Why Women Are So Invisible
When Carol Bartz was named chief executive of Autodesk Inc. five years ago, she joined the most exclusive of clubs. At the time, there was one female CEO of a sizable tech company in Silicon Valley--Sandra Kurtzig of Ask Computer Systems Inc. Now, Kurtzig is retired, and Bartz stands alone in big-tech-company circles. And she doesn't like it one bit. "It's pathetic," she says. "It paints a horrible picture of Silicon Valley."
And probably the last one people might expect. It shouldn't matter if you wear suspenders or a dress, least of all in the world's techno-epicenter, where the only price of admission is supposed to be smarts and hard work.
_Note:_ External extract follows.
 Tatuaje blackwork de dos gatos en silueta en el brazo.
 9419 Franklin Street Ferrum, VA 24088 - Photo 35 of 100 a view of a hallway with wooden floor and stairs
But the numbers say otherwise: Among the Valley's 1,686 major tech companies, only 5.6% are led by women, according to CorpTech, a business directory publisher in Woburn, Mass.
What gives? Is the supposedly wide-open Valley capped by a silicon ceiling? Blatant sex discrimination is rare, say women tech execs, but subtle barriers are encountered routinely. Anita Borg, a senior researcher at Digital Equipment Corp. in Palo Alto, calls it the "invisible-woman syndrome," where women's ideas are discounted or ignored. "You run into subtle sexism every day," she says. "It's like water torture. It wears you down."
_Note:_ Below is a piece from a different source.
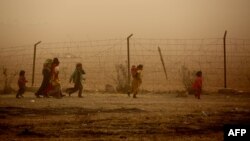 Syrian children at a temporary refugee camp in Syria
But even if sexism were wiped out tomorrow, women still would be underrepresented in tech. The reason: Fewer women than men are pursuing degrees in computer science. In 1984, 37.1% of such bachelor's degrees went to women, according to the National Center for Education Statistics. By 1995, that had shrunk to 28.4%.
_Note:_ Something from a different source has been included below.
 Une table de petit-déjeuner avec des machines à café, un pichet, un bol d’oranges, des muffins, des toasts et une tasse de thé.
For all the gloomy statistics, there are glimmers of change. In the past few years, as a dizzying number of new companies surfaced, more female execs took the startup plunge. Last year, Kim Polese, a product manager at Sun
Microsystems Inc., founded Web startup Marimba Inc. and then joined Babes in Boyland, an organization of female tech execs. "If you really want to shoot to the top," she says, "you probably have to start your own business."
CASH CRUNCH. And you may have to do it with your own checkbook. Despite a new crop of female entrepreneurs, women still have a tough time getting venture financing. Companies established or run by women received just 1.6% of the $33.5 billion in venture capital invested in tech from 1991 to the third quarter of 1996, according to VentureOne Corp. Just ask Janese Swanson, who produced software hit Carmen Sandiego while at Broderbund Software Inc.. In 1995, she founded Girl Tech, a San Rafael (Calif.) maker of electronic products for girls--but she had zip luck getting venture money and had to use her credit cards. "I went in with a doctorate, a track record, and a stellar business plan showing a hole in the marketplace," she says. "Everywhere I went, I heard no's."
Some Silicon Valley companies are trying to correct gender imbalances. At Hewlett-Packard Co., Carol Mills and Janice Chaffin job-share as general managers of its multibillion-dollar Unix systems business. And Willem Roelandts, CEO of chipmaker Xilinx Inc., promoted two women who now report directly to him. "It's a business issue," he says. "You can't ignore 50% of the brains in the world."
Still, profound societal changes will have to take root before women reap their share of Silicon Valley's rich harvest. Many young girls shy away from math and computers because they see them as a boy's province. That probably won't change for decades. So don't expect Boys in Babeland anytime soon.